Performance of the CMIP5 models in simulating the Arctic Oscillation during boreal spring
This study evaluates the performance of thirty coupled models from the Coupled Model Intercomparison Project Phase 5 (CMIP5) in capturing the Arctic Oscillation (AO) during boreal spring. We focus on model’s ability in simulating spring AO’s spatial structure, dominant temporal frequencies and climatic impacts. The anomalous anticyclone over the North Pacific and the North Atlantic in the positive spring AO phase is much stronger in most of the models than in the observations. This may be due to that most models simulate a stronger interannual variability of atmospheric anomalies over the North Pacific and North Atlantic. In addition, the center of the anomalous anticyclone over the North Pacific in the MME shifts obviously southeastward and that over the North Atlantic shift northeastward compared to the observations. Inter-model longitudinal spread is larger than the latitudinal spread in the anomalous anticyclone center over both the North Pacific and North Atlantic. Most of the models produce periods longer than the observed 4-year spectral peak in spring AO index. In addition, the model’s ability in reproducing the vertical structure of zonal wind tends to have a close relation with the model’s performance in capturing the vertical structure of air temperature related to the spring AO. Furthermore, there exist larger spreads among the models in simulating the spring AO-related surface air temperature over the Russian Far East and the west coast of North America. These spreads were partly related to the biases of the models in capturing the atmospheric circulation anomalies related to the Pacific center of the spring AO.

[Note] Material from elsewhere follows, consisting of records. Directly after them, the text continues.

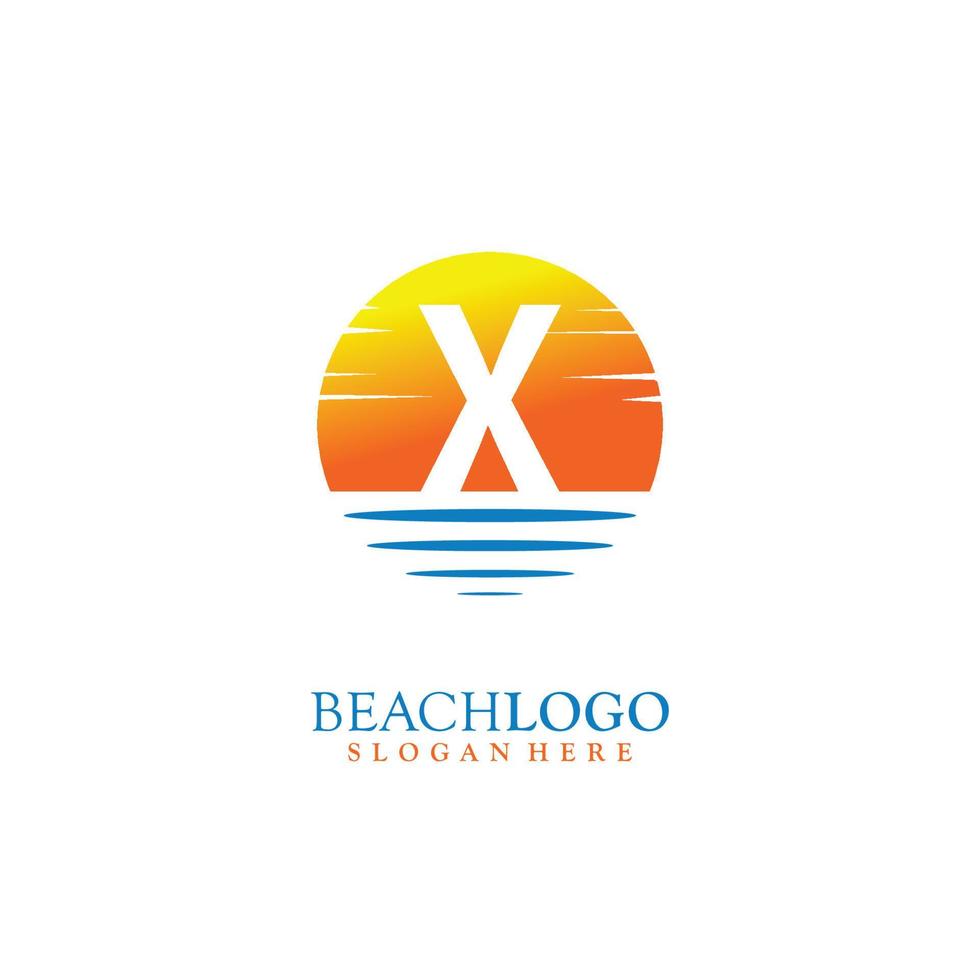 brief X zonsondergang logo ontwerp vector illustratie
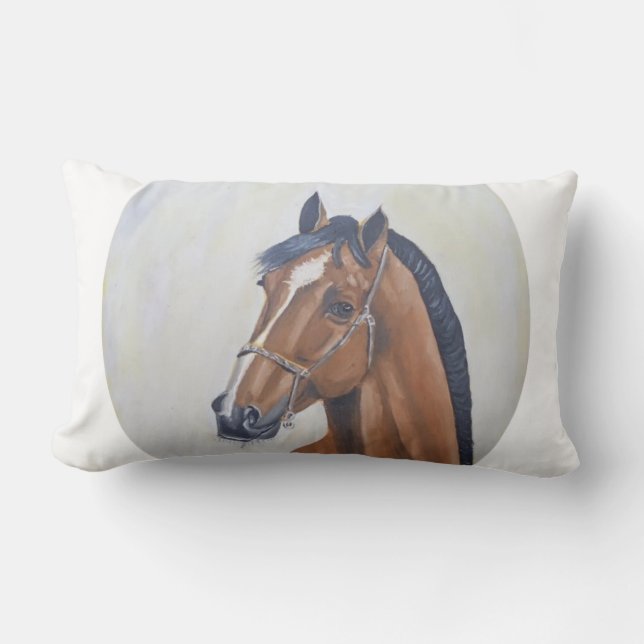 Majestic Horse Portrait T-Shirt Lumbar Cushion (Front)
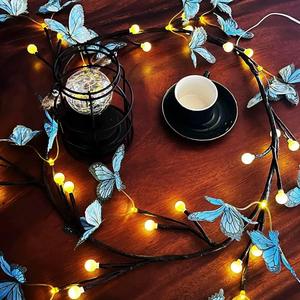 Snowman Solar Powered LED <b>Butterfly</b> String <b>Lights</b> 2700K Soft Warm White IP65 Indoor Wall Art Christmas Decoration 5m Length - Product Image 6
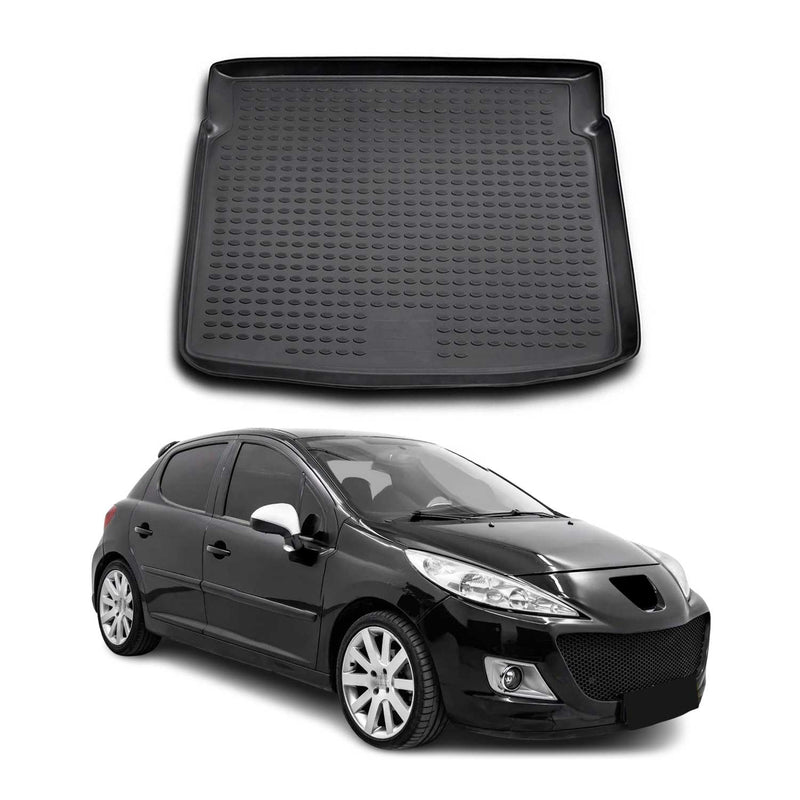 Tappetino per bagagliaio per Peugeot 207 2006-2015 in gomma TPE Nero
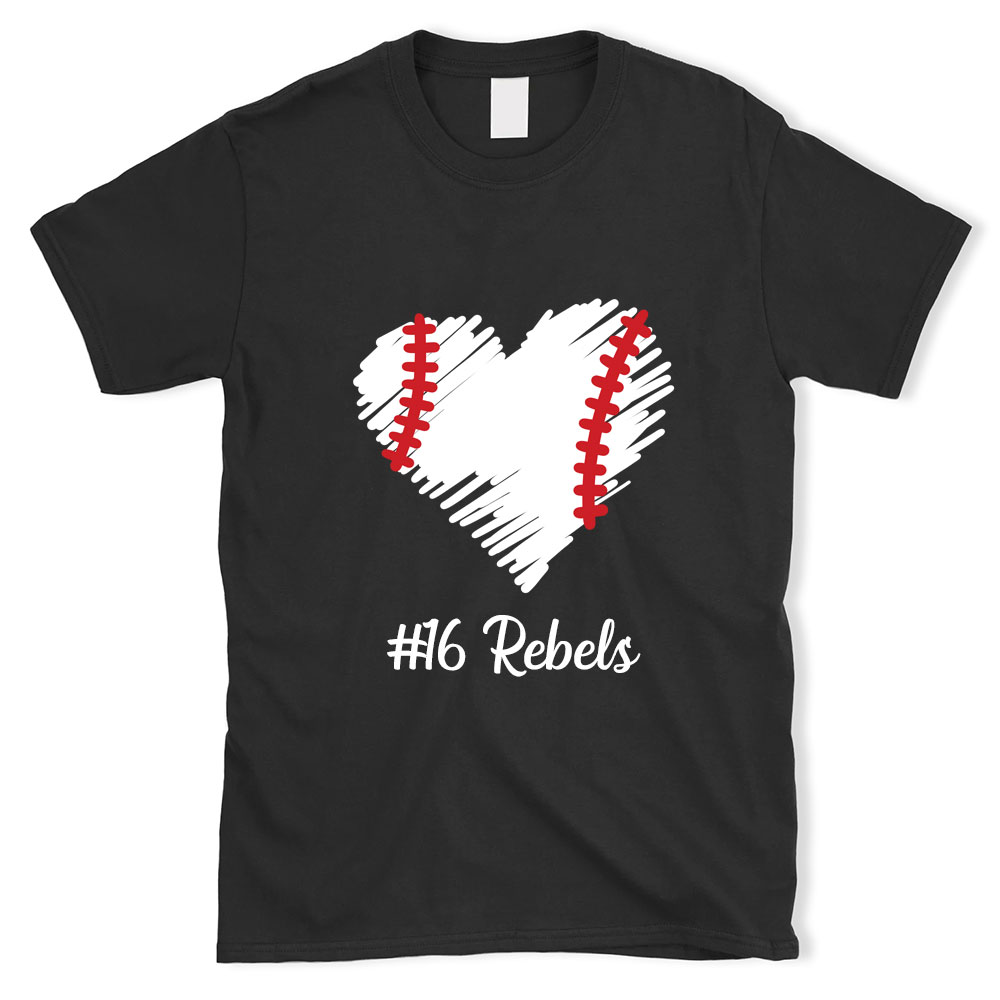 Personalized Baseball Heart T-Shirt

KeywordsCMIP5 Spring AO Spatial structures Dominant period Climatic impacts
We thank the two anonymous reviewers for their constructive suggestions, which helped to improve the paper. This study is supported by the National Key Research and Development Program of China (Grant no. 2018YFA0605604), the National Natural Science Foundation of China Grants (41530425, 41605050, 41775080, and 41605031), and the Young Elite Scientists Sponsorship Program by the China Association for Science and Technology (2016QNRC001). We acknowledge the World Climate Research Programme’s Working Group on Coupled Modeling, which is responsible for CMIP, and we thank the climate modeling groups (listed in Table 1 of this paper) for producing and making available their model output. For CMIP the U.S. Department of Energy’s Program for Climate Model Diagnosis and Intercomparison provides coordinating support and led development of software infrastructure in partnership with the Global Organization for Earth System Science Portals.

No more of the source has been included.